Mothers of children with ASD+ID had significantly elevated mid-gestational levels of numerous cytokines and chemokines, such as granulocyte macrophage colony-stimulating factor, interferon-γ, interleukin-1α (IL-1α) and IL-6, compared with mothers of children with either ASD-noID, those with DD, or GP controls. These findings contribute to the ongoing efforts toward identification of early biological markers specific to subphenotypes of ASD.
A 2017 study provided further support for the potential use of immunological measures as autism spectrum disorder (ASD) biomarkers. In this study, TNF-α concentrations were positively correlated with severity of autistic symptoms.
The authors used Milliplex cytokine kits to determine serum concentrations of 11 Th1, Th2 and Th17 related cytokines. Of the 11 cytokines measured only concentrations of TNF-α, IL-1β and IL-17a were significantly increased in ASD children. But only TNF-α concentrations were positively correlated with severity of ASD symptoms on all 5 different ABC sub-scales and were predictive of an ASD phenotype.
Another 2017 study examined neonatal blood spots from children with ASD, children with typical development, and children with developmental delay as control subjects. Levels of 17 cytokines and chemokines were compared across groups. The study demonstrated that peripheral cytokine profiles at birth are associated with ASD later in childhood and that cytokine profiles vary depending on ASD severity.
Interleukin (IL)-1β and IL-4 were independently associated with ASD compared with typical development, although these relationships varied by ASD symptom intensity. Elevated IL-4 was associated with increased odds of severe ASD, whereas IL-1β was associated with increased odds of mild/moderate ASD.

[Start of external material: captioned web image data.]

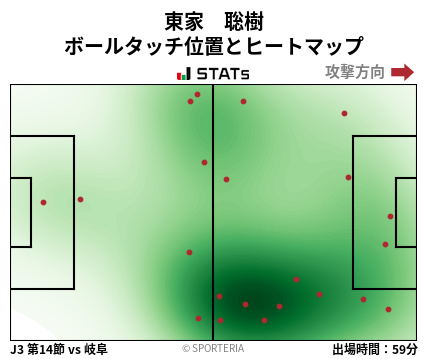 ヒートマップ - 東家　聡樹
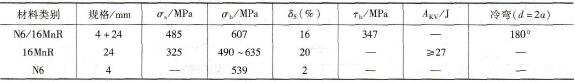 N6/16MnR镍钢复合板的力学性能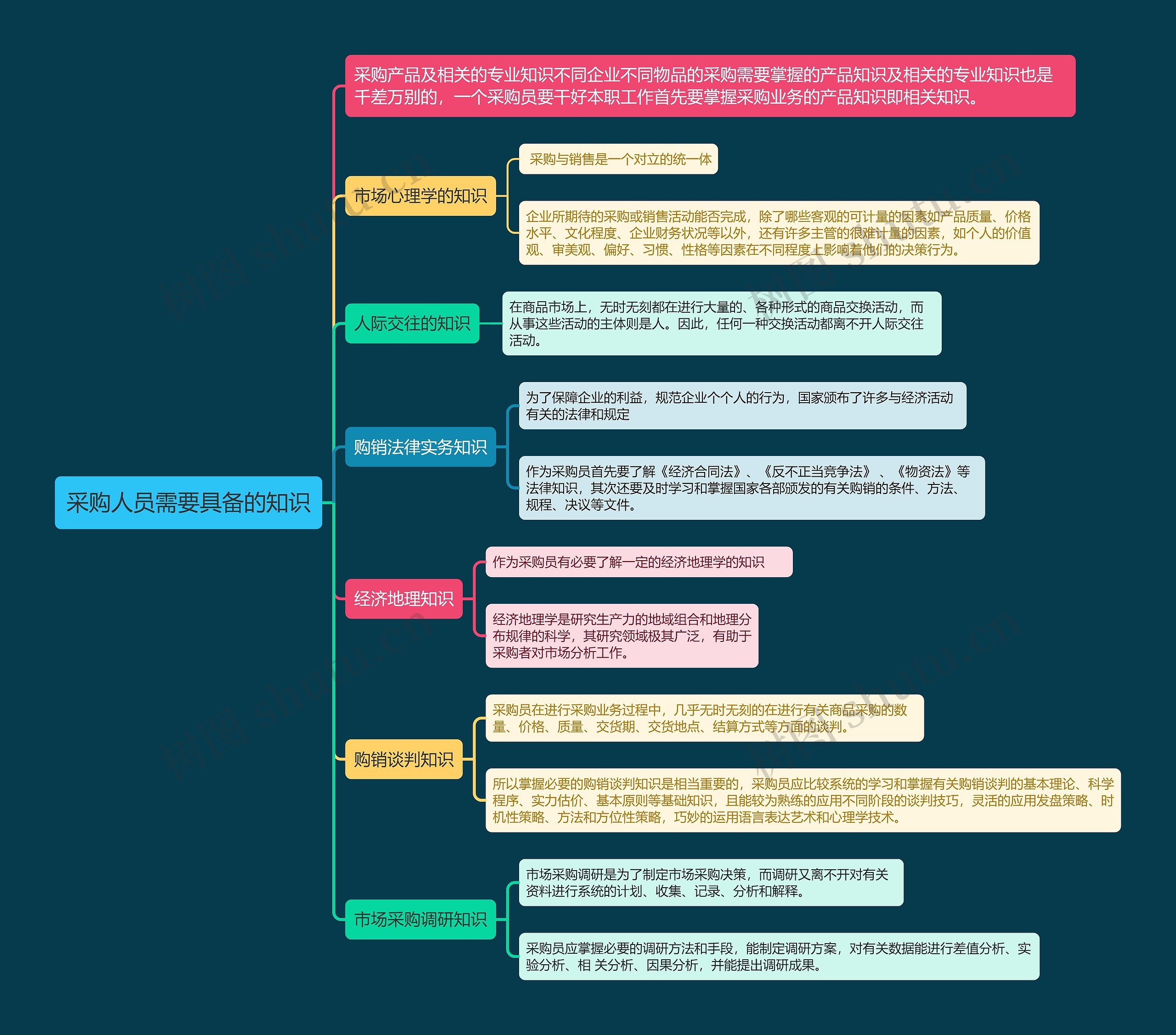 采购人员需要具备的知识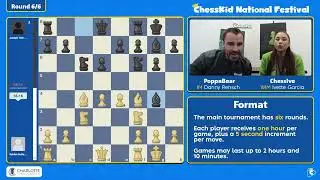 ChessKid National Festival Tournament: Round 6 with WIM Ivette Garcia and IM Danny Rensch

A 2022 current opinion article concluded that the biomarker development for ASD is only in the early stages. The types of biomarkers identified include prenatal history, genetics, neurological including neuroimaging, neurophysiologic, and visual attention, metabolic including abnormalities in mitochondrial, folate, trans-methylation, and trans-sulfuration pathways, immune including autoantibodies and cytokine dysregulation, autonomic nervous system, and nutritional. However, most biomarkers have not undergone validation studies and most studies do not investigate biomarkers with clinically relevant comparison groups.
A common theme for the future is further investigation of biomarkers in subgroupings of ASD, as ASD is a very heterogeneous condition that will most likely require optimized individualized treatment. In conclusion, the current state of biomarker research is still preliminary but promising.